Charity spürte, wie der Gleiter wie ein Stein in die Tiefe zu fallen begann und im allerletzten Moment mit brutaler Wucht abbremste. Instinktiv spannte sie alle Muskeln in Erwartung des kommenden Aufpralles an, aber das Wunder geschah - der Gleiter kam, schaukelnd wie ein Schiff auf stürmischer See einige Meter über dem Boden, zum Halten und begann auf der Stelle zu kreisen; offensichtlich, ohne daß Kyle irgend etwas dagegen unternehmen konnte oder wollte.
Charity warf dem jungen Megamann im Pilotensitz einen besorgten Blick zu.
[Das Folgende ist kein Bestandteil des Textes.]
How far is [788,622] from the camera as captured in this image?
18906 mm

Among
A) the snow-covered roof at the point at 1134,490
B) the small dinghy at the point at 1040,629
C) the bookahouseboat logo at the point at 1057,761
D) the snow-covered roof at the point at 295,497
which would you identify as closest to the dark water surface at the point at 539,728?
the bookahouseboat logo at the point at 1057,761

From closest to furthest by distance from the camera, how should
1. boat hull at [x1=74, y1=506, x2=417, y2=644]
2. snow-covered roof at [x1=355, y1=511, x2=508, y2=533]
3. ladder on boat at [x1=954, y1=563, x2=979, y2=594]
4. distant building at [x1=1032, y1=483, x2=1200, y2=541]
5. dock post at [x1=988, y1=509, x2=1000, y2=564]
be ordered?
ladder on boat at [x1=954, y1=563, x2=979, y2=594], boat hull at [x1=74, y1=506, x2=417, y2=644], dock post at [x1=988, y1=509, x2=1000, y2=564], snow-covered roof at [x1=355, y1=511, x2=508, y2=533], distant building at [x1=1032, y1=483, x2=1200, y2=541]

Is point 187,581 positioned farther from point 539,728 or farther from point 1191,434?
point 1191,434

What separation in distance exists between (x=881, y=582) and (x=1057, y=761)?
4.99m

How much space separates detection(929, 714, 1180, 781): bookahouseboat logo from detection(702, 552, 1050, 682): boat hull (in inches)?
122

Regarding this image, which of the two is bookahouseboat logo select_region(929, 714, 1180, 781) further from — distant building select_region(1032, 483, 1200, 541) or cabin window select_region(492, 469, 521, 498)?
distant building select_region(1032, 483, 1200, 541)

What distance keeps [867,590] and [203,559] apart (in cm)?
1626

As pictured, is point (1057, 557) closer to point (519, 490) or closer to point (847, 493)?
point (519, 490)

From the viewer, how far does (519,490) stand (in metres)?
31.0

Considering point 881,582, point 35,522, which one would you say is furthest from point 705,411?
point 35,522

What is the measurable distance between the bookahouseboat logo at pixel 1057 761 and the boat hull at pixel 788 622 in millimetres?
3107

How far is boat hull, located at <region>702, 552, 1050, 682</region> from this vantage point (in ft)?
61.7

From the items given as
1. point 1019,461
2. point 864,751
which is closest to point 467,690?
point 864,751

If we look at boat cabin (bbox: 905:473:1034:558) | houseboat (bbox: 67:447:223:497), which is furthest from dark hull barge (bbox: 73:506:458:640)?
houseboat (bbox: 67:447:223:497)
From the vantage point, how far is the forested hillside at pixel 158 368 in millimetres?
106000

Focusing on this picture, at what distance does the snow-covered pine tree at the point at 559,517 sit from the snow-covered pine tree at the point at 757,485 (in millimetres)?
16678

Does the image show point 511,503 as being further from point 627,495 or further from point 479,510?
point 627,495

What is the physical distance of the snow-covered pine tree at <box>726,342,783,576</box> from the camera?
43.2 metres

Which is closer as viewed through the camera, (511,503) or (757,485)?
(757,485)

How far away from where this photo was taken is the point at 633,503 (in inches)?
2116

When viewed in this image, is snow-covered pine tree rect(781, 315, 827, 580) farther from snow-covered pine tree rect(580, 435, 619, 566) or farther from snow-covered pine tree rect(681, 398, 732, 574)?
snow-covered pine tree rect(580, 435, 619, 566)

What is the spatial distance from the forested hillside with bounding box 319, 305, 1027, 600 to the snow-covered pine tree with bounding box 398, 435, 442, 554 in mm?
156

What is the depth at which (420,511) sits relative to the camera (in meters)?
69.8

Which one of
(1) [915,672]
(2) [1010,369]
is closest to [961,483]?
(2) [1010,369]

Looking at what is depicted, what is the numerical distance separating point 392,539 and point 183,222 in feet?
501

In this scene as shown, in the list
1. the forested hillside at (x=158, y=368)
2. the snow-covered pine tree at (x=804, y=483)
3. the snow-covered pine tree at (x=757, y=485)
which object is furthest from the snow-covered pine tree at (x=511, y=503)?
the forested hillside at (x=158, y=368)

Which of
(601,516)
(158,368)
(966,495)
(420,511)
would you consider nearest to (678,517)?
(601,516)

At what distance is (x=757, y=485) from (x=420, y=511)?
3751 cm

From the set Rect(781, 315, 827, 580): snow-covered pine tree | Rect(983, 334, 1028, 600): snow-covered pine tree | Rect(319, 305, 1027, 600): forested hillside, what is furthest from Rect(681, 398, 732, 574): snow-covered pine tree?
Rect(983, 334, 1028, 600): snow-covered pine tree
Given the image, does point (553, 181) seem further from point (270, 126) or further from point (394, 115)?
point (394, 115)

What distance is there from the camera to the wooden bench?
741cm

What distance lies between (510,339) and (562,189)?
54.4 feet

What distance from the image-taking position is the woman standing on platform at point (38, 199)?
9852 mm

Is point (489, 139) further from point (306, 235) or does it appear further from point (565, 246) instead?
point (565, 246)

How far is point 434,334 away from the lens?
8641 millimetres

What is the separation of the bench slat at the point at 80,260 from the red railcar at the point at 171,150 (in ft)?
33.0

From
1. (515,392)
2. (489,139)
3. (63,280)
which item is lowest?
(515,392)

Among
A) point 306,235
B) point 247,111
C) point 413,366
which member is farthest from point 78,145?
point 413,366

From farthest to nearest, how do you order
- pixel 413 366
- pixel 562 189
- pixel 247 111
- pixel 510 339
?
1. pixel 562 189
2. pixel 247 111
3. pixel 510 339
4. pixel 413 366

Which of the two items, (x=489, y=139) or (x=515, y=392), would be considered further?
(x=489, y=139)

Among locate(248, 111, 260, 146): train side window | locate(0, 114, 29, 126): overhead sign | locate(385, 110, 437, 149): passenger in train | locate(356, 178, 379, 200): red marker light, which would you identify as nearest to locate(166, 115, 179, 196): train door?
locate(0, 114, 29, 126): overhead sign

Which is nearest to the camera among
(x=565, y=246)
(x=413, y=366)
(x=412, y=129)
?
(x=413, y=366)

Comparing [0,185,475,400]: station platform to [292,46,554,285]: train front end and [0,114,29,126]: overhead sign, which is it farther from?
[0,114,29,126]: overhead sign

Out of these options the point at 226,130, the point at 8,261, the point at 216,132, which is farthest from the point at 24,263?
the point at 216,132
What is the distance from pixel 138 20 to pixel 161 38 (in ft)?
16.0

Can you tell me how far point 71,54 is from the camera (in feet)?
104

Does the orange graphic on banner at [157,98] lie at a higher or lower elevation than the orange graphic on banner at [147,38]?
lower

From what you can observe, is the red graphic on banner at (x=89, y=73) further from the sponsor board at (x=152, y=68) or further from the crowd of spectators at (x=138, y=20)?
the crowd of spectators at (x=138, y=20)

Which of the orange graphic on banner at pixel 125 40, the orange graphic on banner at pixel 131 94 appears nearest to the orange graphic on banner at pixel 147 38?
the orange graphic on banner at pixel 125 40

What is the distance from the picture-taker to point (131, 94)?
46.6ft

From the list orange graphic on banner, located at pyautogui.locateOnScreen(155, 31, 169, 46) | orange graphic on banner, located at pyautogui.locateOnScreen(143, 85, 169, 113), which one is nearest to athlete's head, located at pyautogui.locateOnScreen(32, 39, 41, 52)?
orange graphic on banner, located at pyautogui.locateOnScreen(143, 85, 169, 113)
Der Gleiter drehte sich weiter, und nach einem Augenblick kam der Verfolger wieder in Sicht: Er schwebte ein gutes Stück über ihnen. Charity konnte die rotglühenden Löcher in seinem Rumpf erkennen, wo ihn die Lasersalve getroffen hatte. Sein Pilot schien Schwierigkeiten zu haben, das Fahrzeug in der Luft zu halten, aber es bewegte sich bereits wieder auf sie zu; langsam, aber unaufhaltsam. Ein Feuerwerk dünner, blauer Blitze umspielte seinen Rumpf, doch Charity wußte von Kyle, daß dieses blaue Elmsfeuer nichts als die sichtbaren Auswirkungen des Energiefeldes waren, das den Gleiter einhüllte. Sie brauchten eine Atombombe, um dieses Ding zu knacken, dachte Charity zornig. Der Gleiter, den Kyle in Paris gestohlen hatte, war ein kleines Patrouillenfahrzeug und kein Kriegsschiff wie das Fahrzeug vor ihnen.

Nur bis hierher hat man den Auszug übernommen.